Morales, who herded llamas as a child, lost four siblings to poverty and never finished high school, became the country’s first Indian president in early 2006. He is revered by poor Indians, who identify with his moving underdog story and are benefiting from heavy social spending.
But he is frowned upon by the middle classes who fear he may try to install a Cuban-style socialist regime in the country.
Critics see Morales, an ally of Venezuelan leftist President Hugo Chavez and Cuban revolution leader Fidel Castro, as a dangerous socialist.
The day we spent together, he was wearing jeans, a wrinkled short-sleeve shirt and unbranded sports shoes.

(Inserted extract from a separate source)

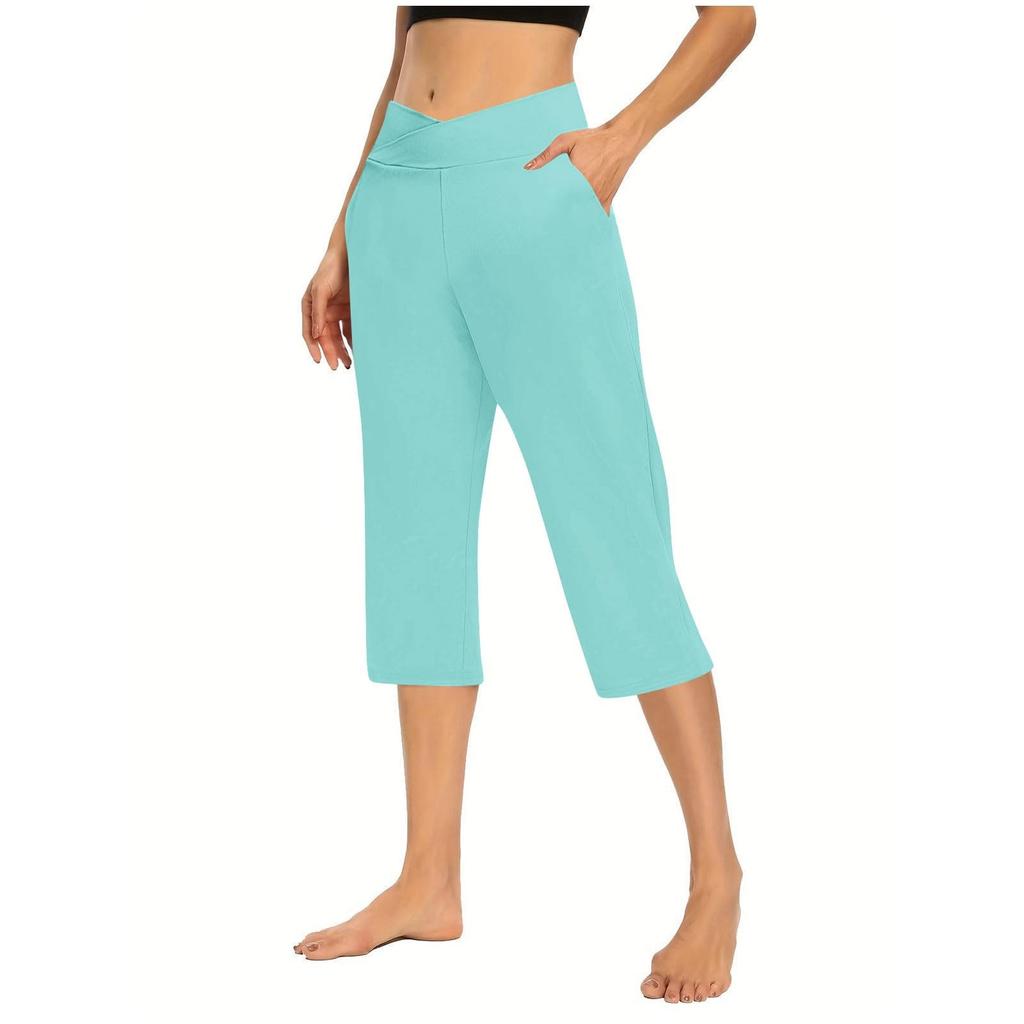 Women  Elastic High Waist 3/4 Pant Casual Active  Fit Wide Capris Leg Pants Trousers With Pockets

He was good humored and cared little for protocol; addressing me as “comrade” or “brother” and once simply with a “What’s up, boss?”

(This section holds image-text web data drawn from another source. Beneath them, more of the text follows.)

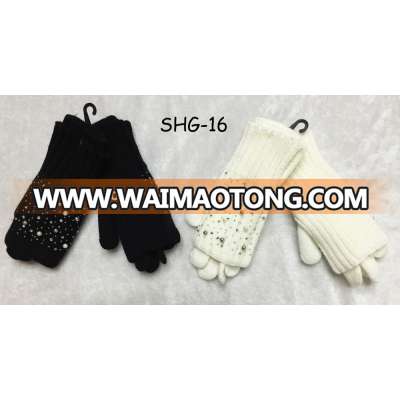 Fashion China wholesales new designer admirable adult set fringer knit acrylic womens winter stones pearl factory crochet gloves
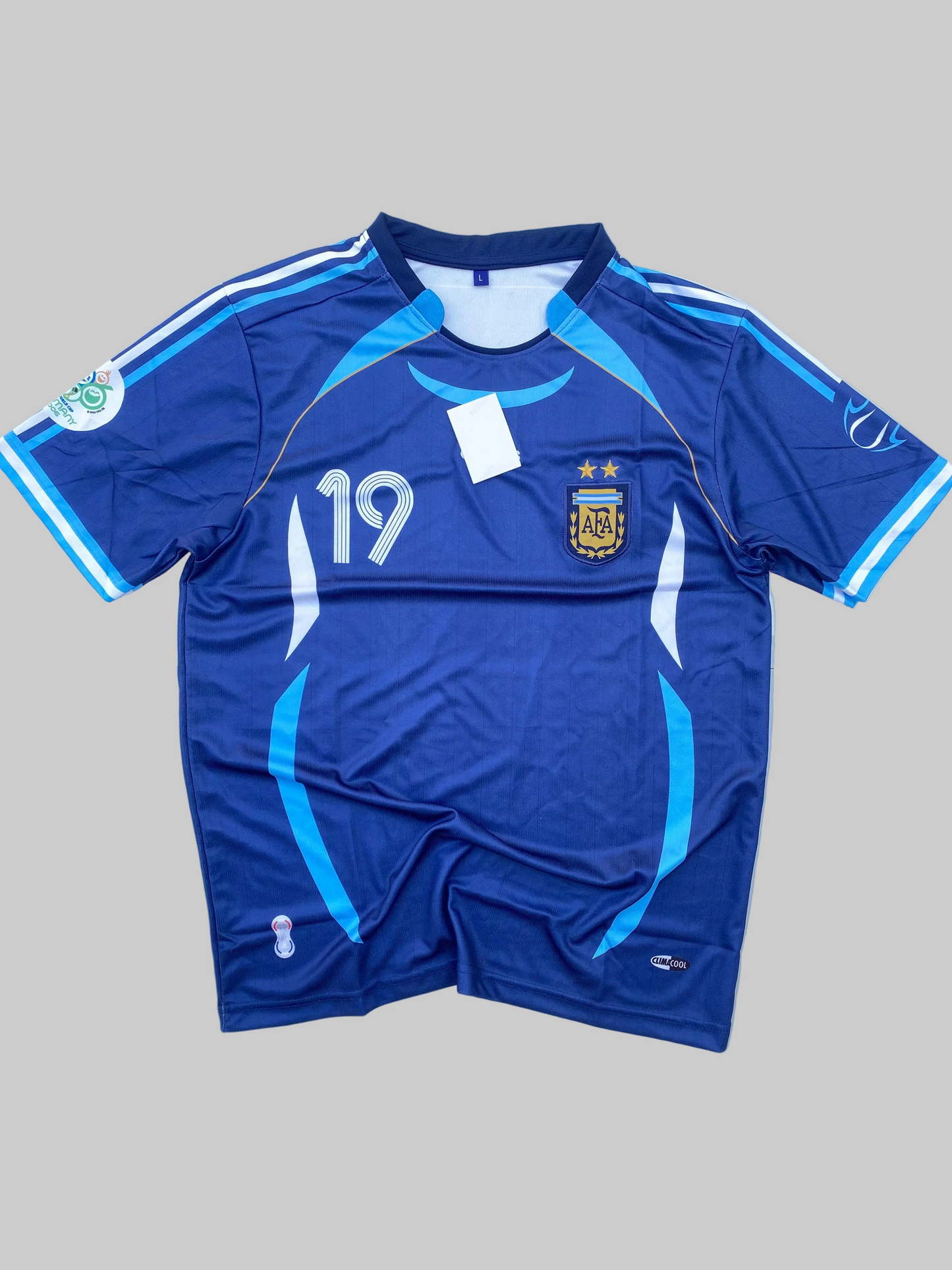 ARGENTINA AWAY RETRO KIT, MESSI #19 (Embroidery)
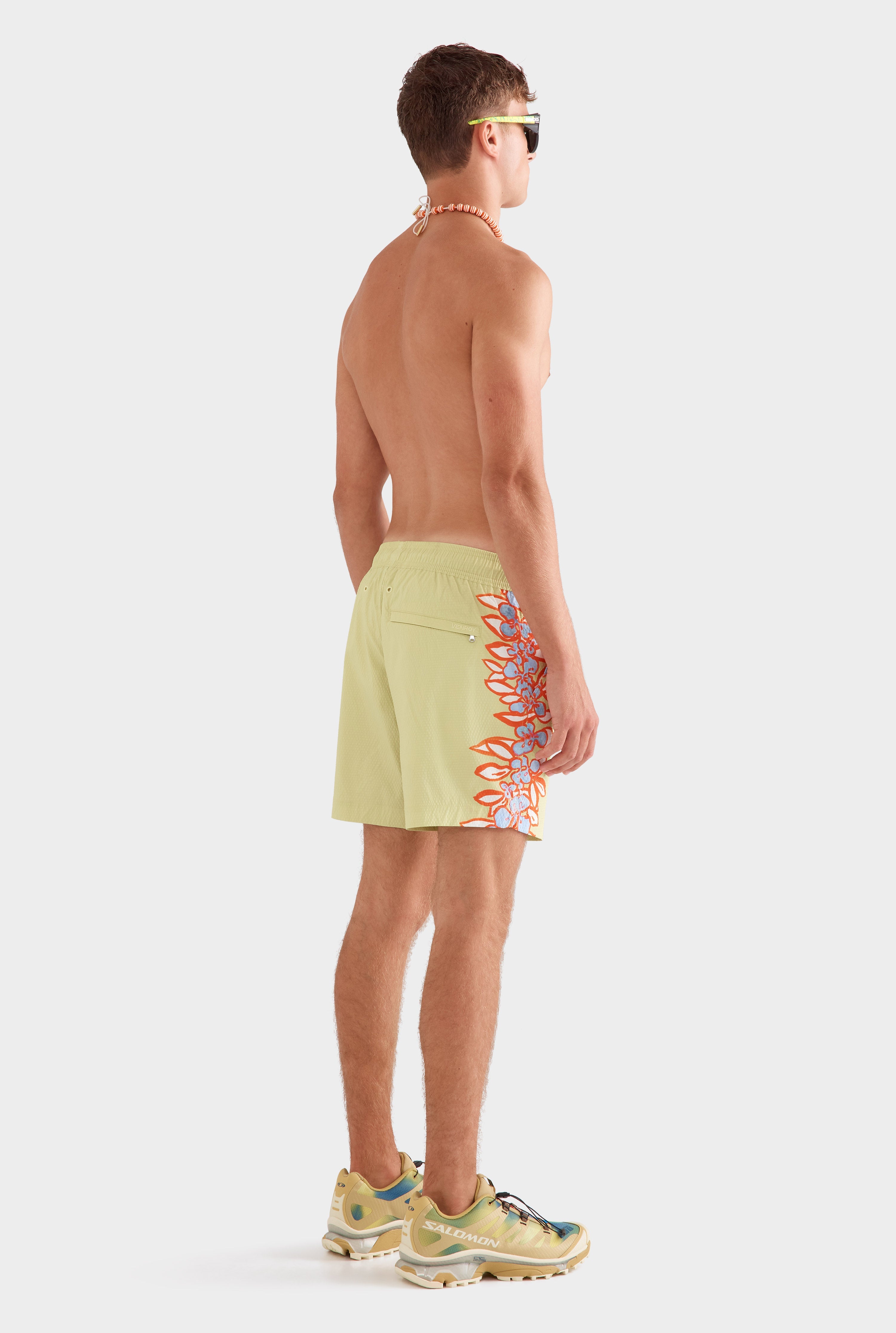 Printed Swim Short - Lime Green/Rio Red Floral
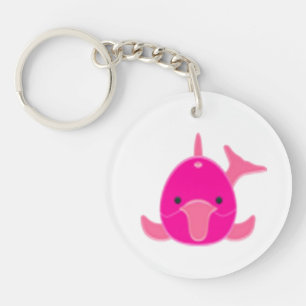 Pink Dolphin on White Background Keychain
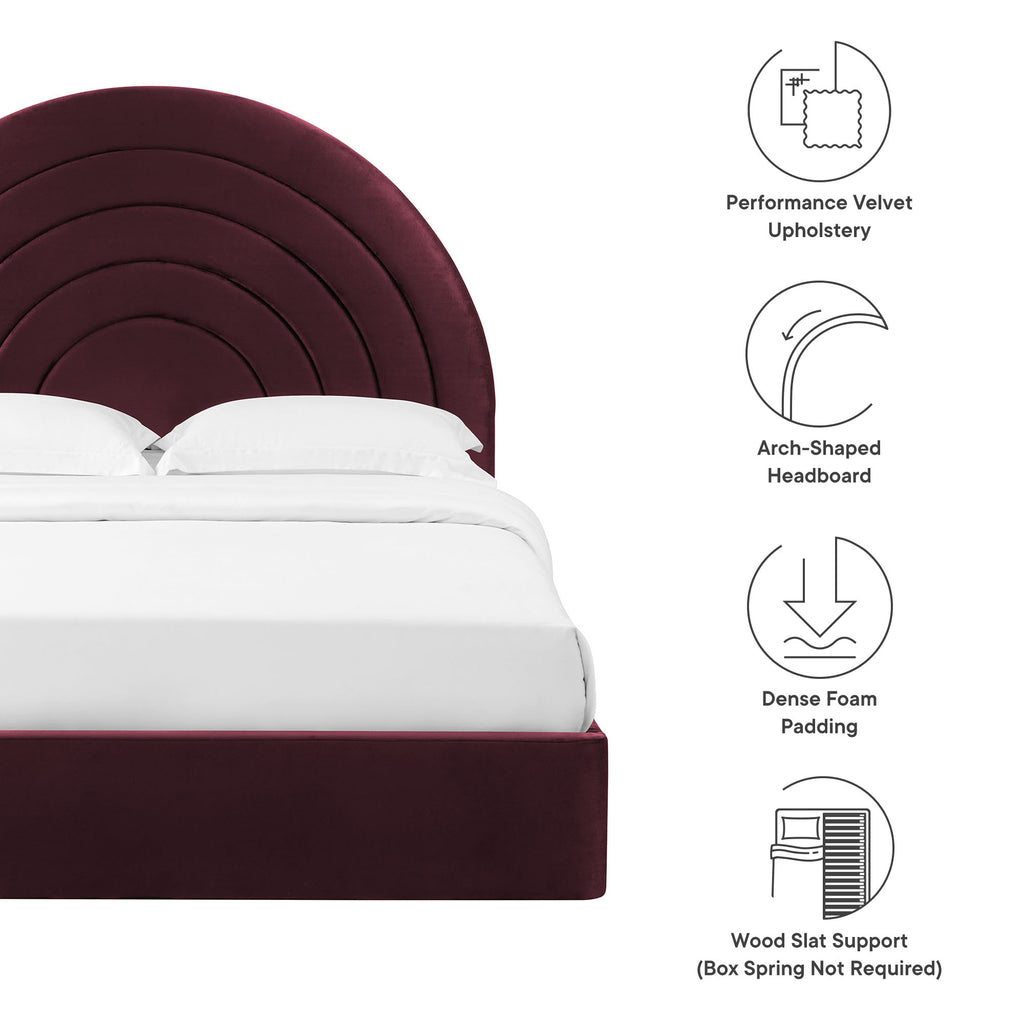 Solana Arched Performance Velvet Queen Platform Bed - Mulberry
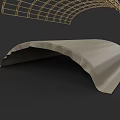Fighter Jet Wing Structure With Curved Surface And Metal Framework Design 3d model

“I don’t know how he does it. I can’t keep up sometimes. I’ve got soroche — high altitude syndrome,” said a close Morales’ aide, when I asked about the president’s hectic schedule, which often includes trips from the Andean plateau to the lowlands and back.
I met Morales, a clear favorite to win a presidential election in December, at a campaign rally at 7 a.m. in El Alto, a sprawling shantytown in the outskirts of La Paz.

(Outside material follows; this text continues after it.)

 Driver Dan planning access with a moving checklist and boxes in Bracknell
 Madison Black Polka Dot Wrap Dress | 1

“Evo governs and plays but does not get tired,” chanted hundreds of supporters while he played soccer after the rally.
Then we took a plane to the country’s constitutional capital, Sucre, to catch a helicopter to Tinguipaya, a tiny Quechua village of adobe houses in the central Potosi region, where no Bolivian president had ever visited before.
After a campaign event in Tinguipaya we flew to the southern town of Tarija, where he presided over an award ceremony for a soccer tournament, and then off to the northern town of Cobija.
On the plane Morales bragged about a penalty he scored in an impromptu kick about.
“I fooled the goalkeeper. Did you see?,” he said.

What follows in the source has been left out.